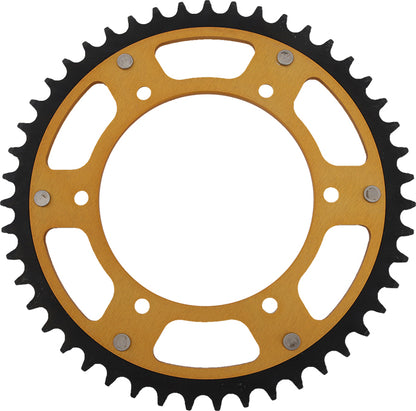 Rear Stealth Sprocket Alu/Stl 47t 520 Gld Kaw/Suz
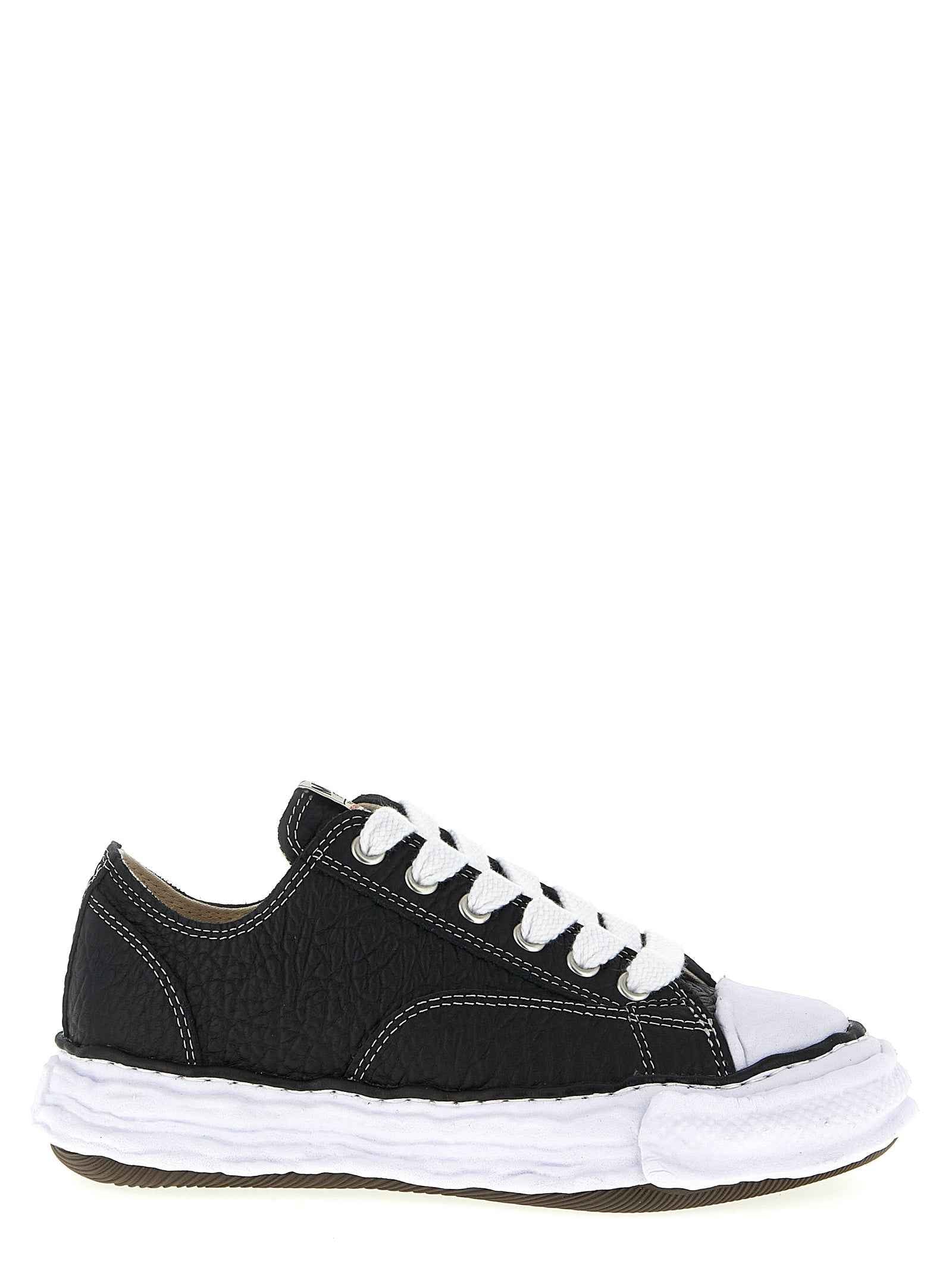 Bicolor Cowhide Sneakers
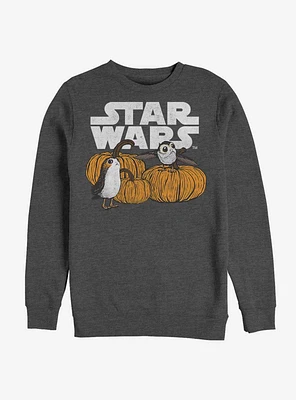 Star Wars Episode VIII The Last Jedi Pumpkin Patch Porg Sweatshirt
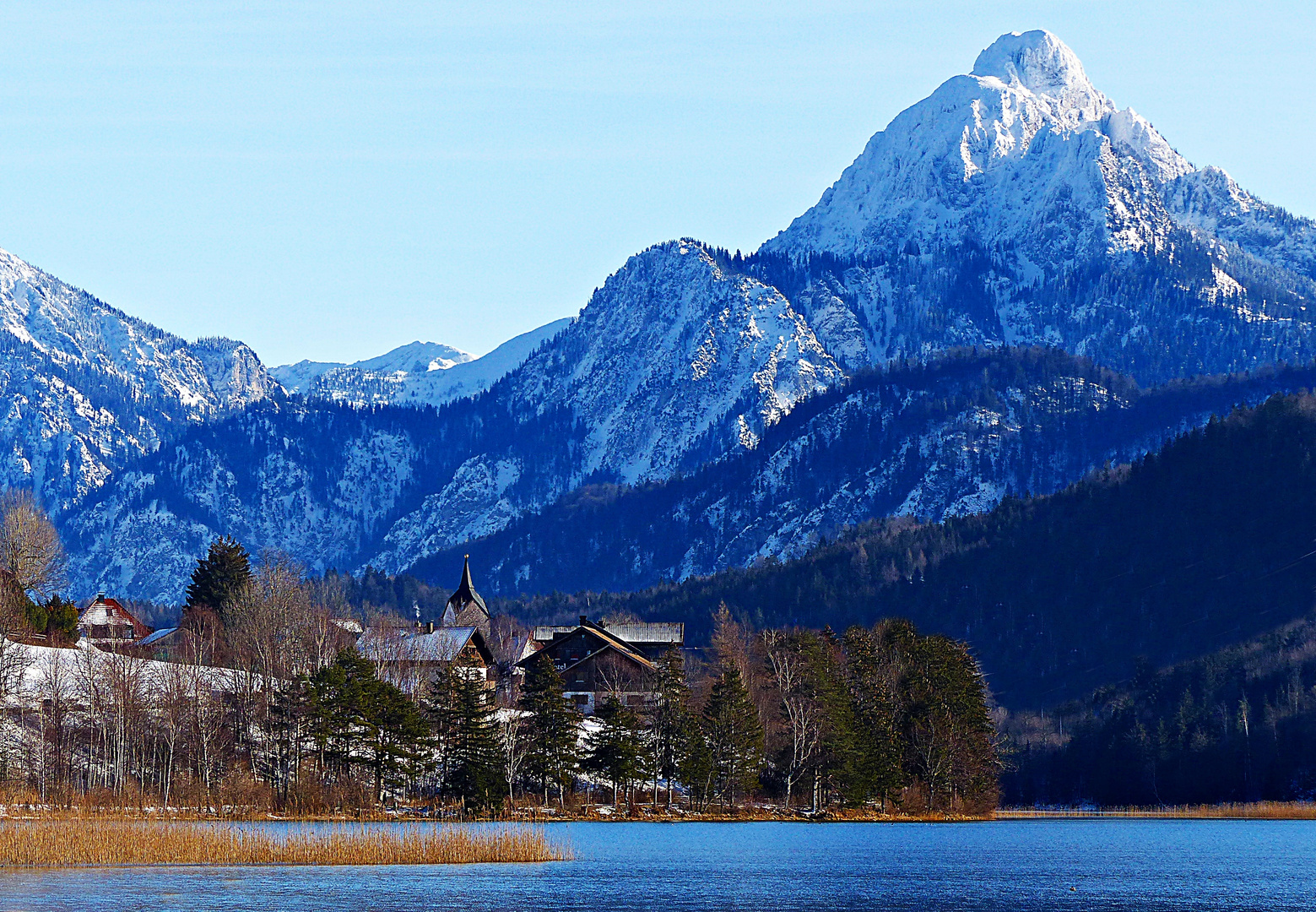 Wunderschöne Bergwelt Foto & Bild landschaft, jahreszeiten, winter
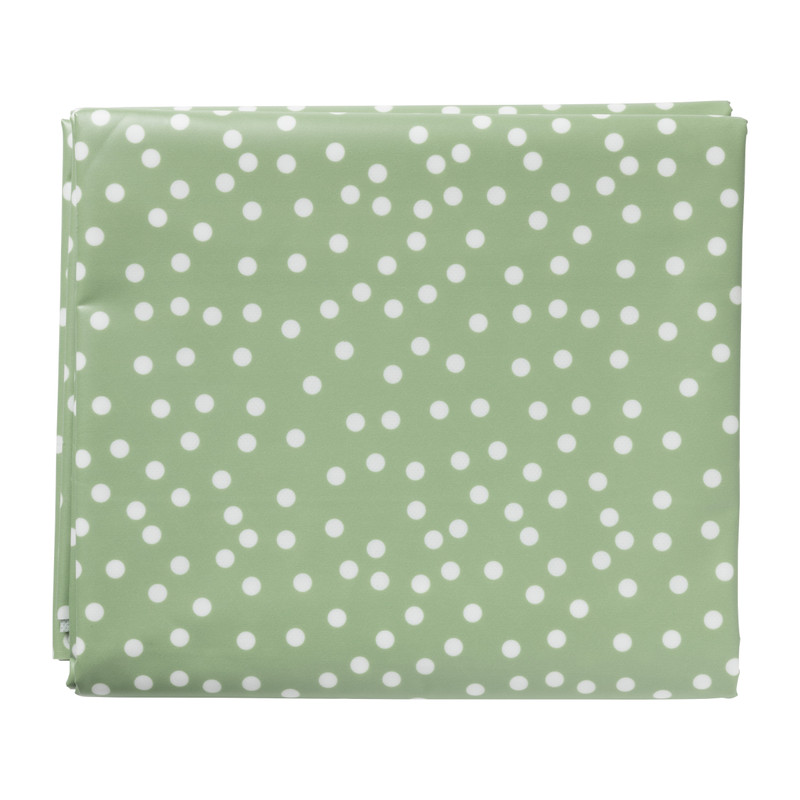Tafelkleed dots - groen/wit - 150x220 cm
--------
WORK TO BE COMPLETED:
Pictures don't belong in the copy. Retype exactly the lines from the one with "Wunderschöne Bergwelt Foto" through the last line of the records.

FINISHED TASK:
 Wunderschöne Bergwelt Foto & Bild landschaft, jahreszeiten, winter
Tafelkleed dots - groen/wit - 150x220 cm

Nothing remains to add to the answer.